___ Data provided

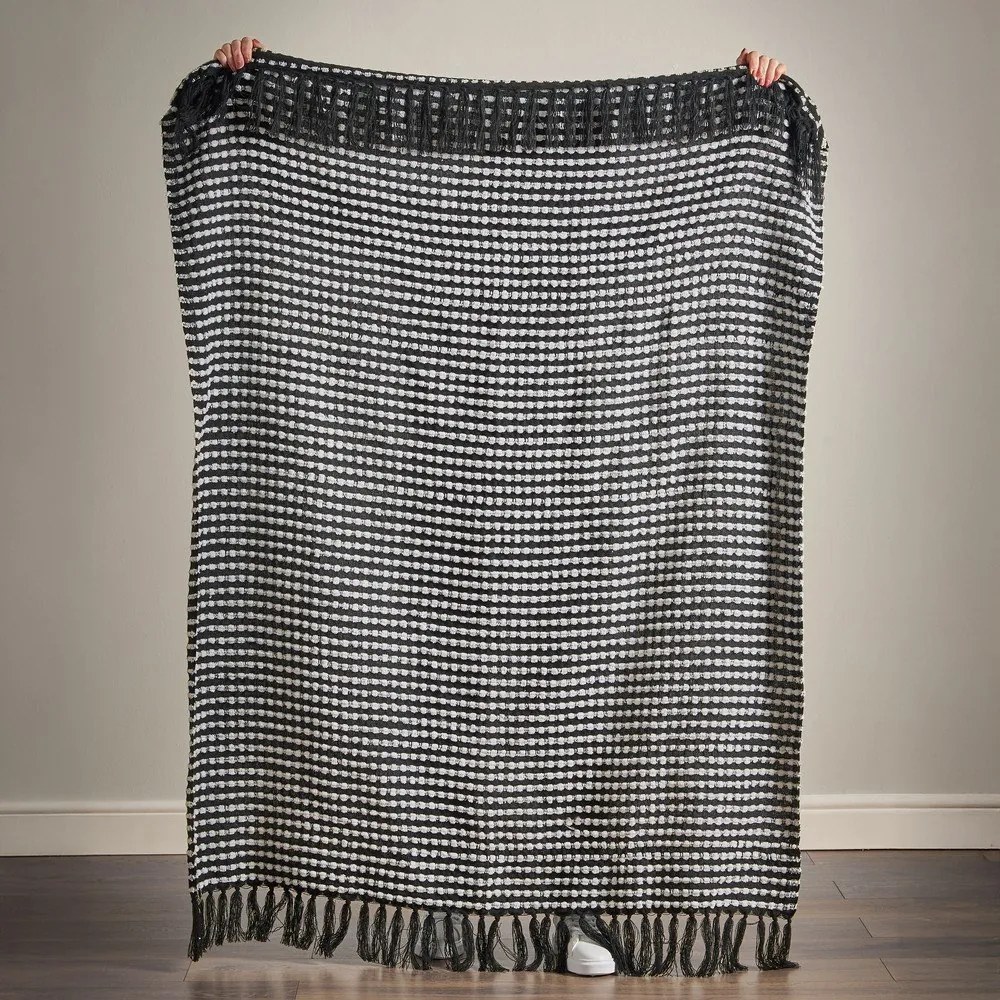 Czarny koc 125x150 cm Stab Stitch – Catherine Lansfield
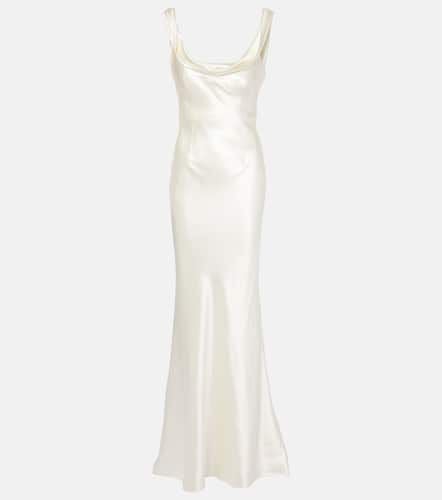 Bridal Chiara draped silk and wool gown - Danielle Frankel - Modalova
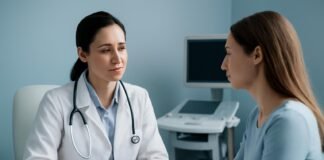 Ιατρική συζήτηση σε γυναικολογικό ιατρείο με καθαρό και επαγγελματικό περιβάλλον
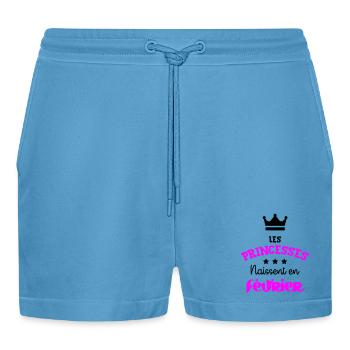 Princesse née en Février Cadeau Anniversaire - Short bio décontracté court fabriqué en UE -  Sol Blue - Devant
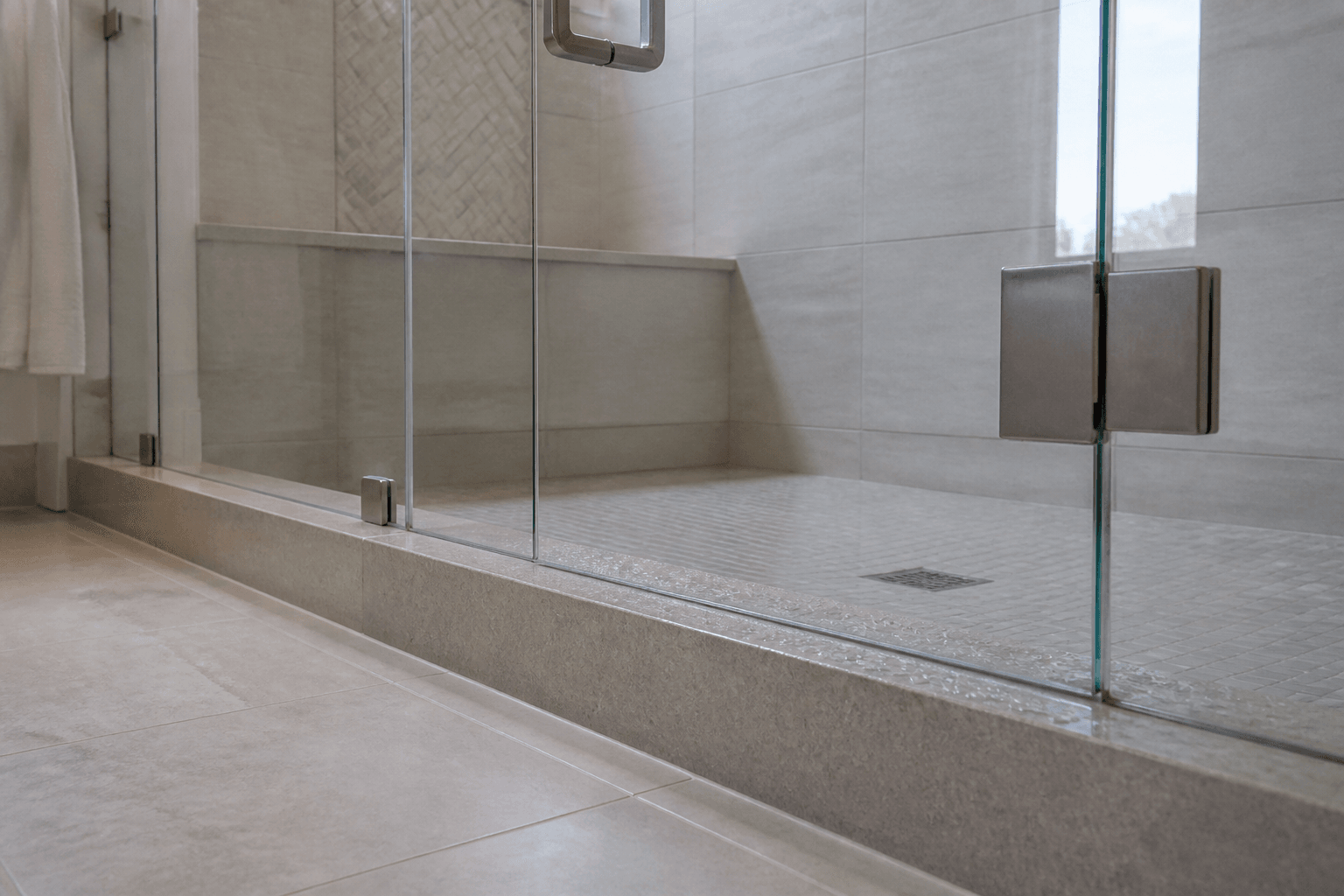 Close-up of a frameless glass shower curb sloped inward toward the shower drain.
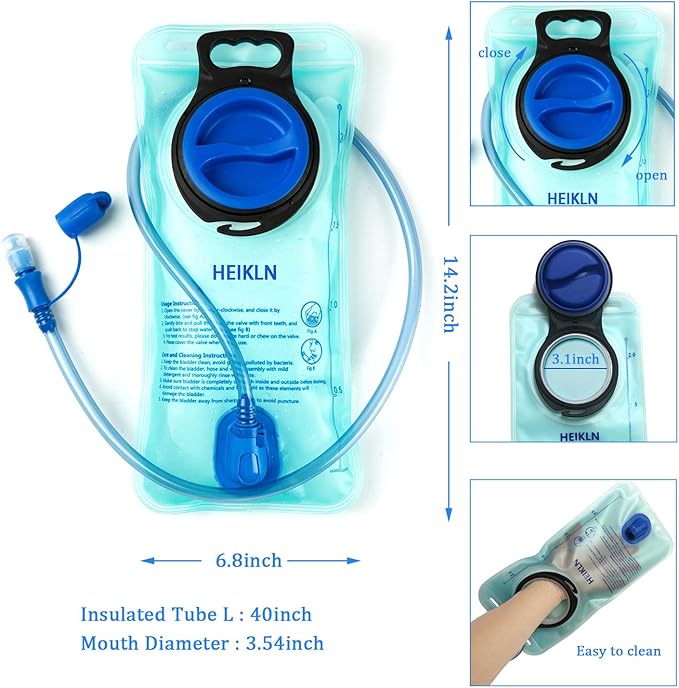 Hydration Bladder 1.5L-2L-2.5L-3L,Leak Proof Water Reservoir, BPA Free Military Water Storage Bladder Bag Hydration Pack Replacement Easy Clean for Bicycling Hiking Camping Hunting Running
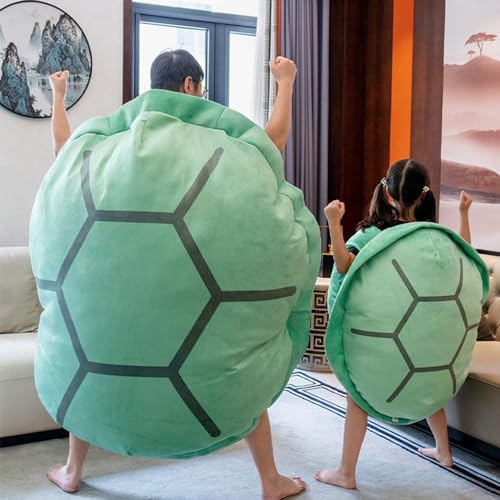 Turtle Power Shell, riesiges Schildkrötenkissen, tragbar, tragbar, Schildkrötenmuschel-Kissen, lustiges Cosplay-Plüschspielzeug, Geschenk für Kinder und Erwachsene (grün, 100cm) von Zinsale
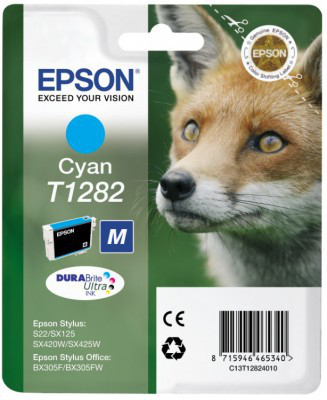 Epson Fox Singlepack Cyan T1282 DURABrite Ultra Ink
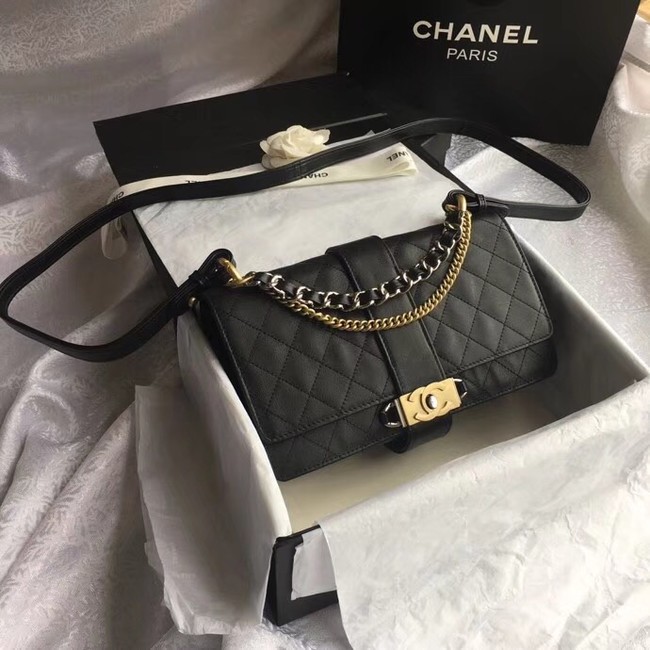 Chanel Flap Bag Calfskin Ruthenium-Finish & Gold-Tone Metal A57578 Black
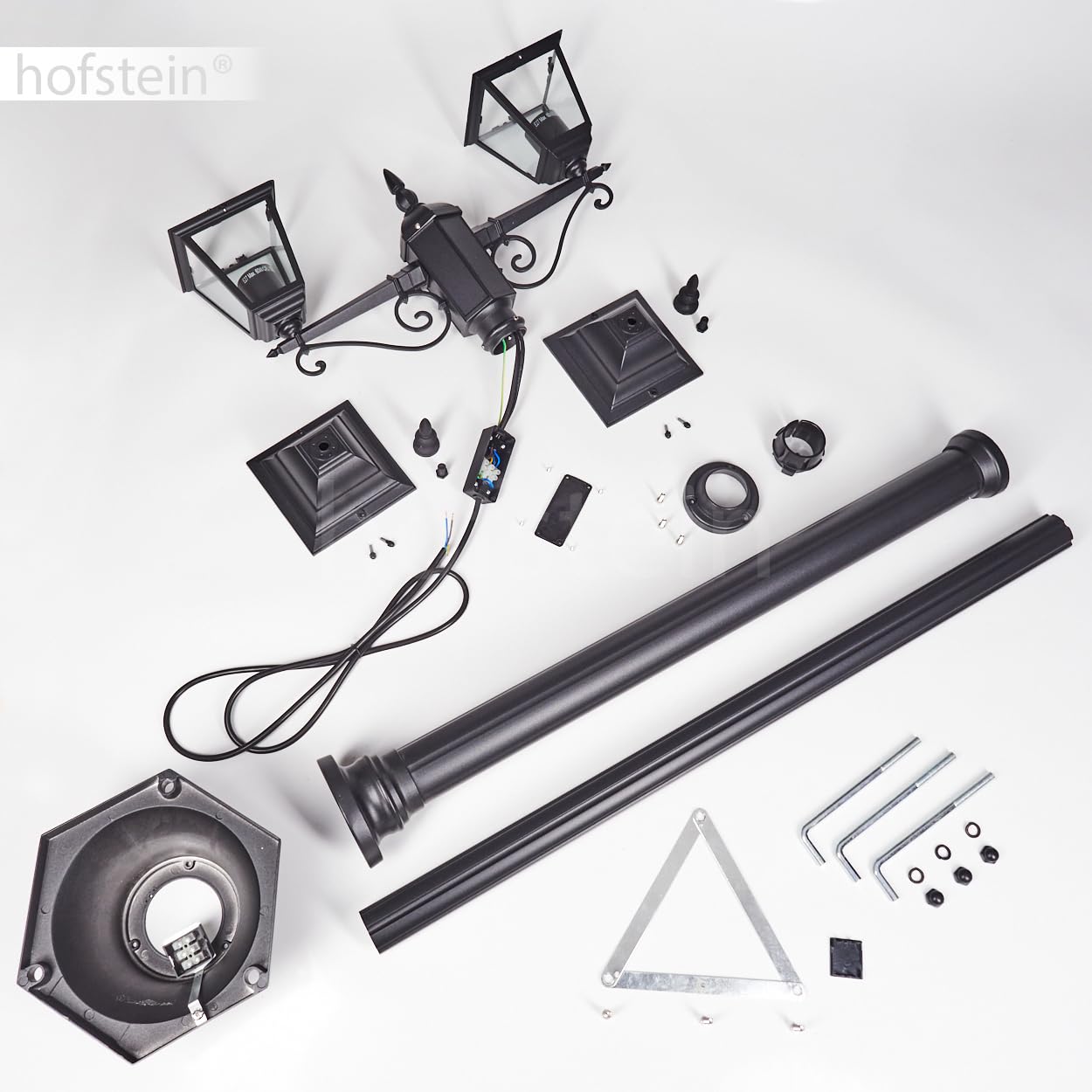 Lampa zewnętrzna drogi Hong Kong, lampa ścieżki z metalu/szkła w kolorze czarnym/przezroczystym, kandelabr o antycznym wyglądzie, wysokość maks. 220 cm, oświetlenie ogrodowe IP44, 2 x E27, bez żarówki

______

» What the exercise asks
What is needed is an exact copy of the entries above, with no images in it.

» Result of this task
 Czarny koc 125x150 cm Stab Stitch – Catherine Lansfield
 Bridal Chiara draped silk and wool gown - Danielle Frankel - Modalova
 Ιατρική συζήτηση σε γυναικολογικό ιατρείο με καθαρό και επαγγελματικό περιβάλλον
 Princesse née en Février Cadeau Anniversaire - Short bio décontracté court fabriqué en UE -  Sol Blue - Devant
 Close-up of a frameless glass shower curb sloped inward toward the shower drain.
 Hydration Bladder 1.5L-2L-2.5L-3L,Leak Proof Water Reservoir, BPA Free Military Water Storage Bladder Bag Hydration Pack Replacement Easy Clean for Bicycling Hiking Camping Hunting Running
 Turtle Power Shell, riesiges Schildkrötenkissen, tragbar, tragbar, Schildkrötenmuschel-Kissen, lustiges Cosplay-Plüschspielzeug, Geschenk für Kinder und Erwachsene (grün, 100cm) von Zinsale
 Epson Fox Singlepack Cyan T1282 DURABrite Ultra Ink
 Chanel Flap Bag Calfskin Ruthenium-Finish & Gold-Tone Metal A57578 Black
 Lampa zewnętrzna drogi Hong Kong, lampa ścieżki z metalu/szkła w kolorze czarnym/przezroczystym, kandelabr o antycznym wyglądzie, wysokość maks. 220 cm, oświetlenie ogrodowe IP44, 2 x E27, bez żarówki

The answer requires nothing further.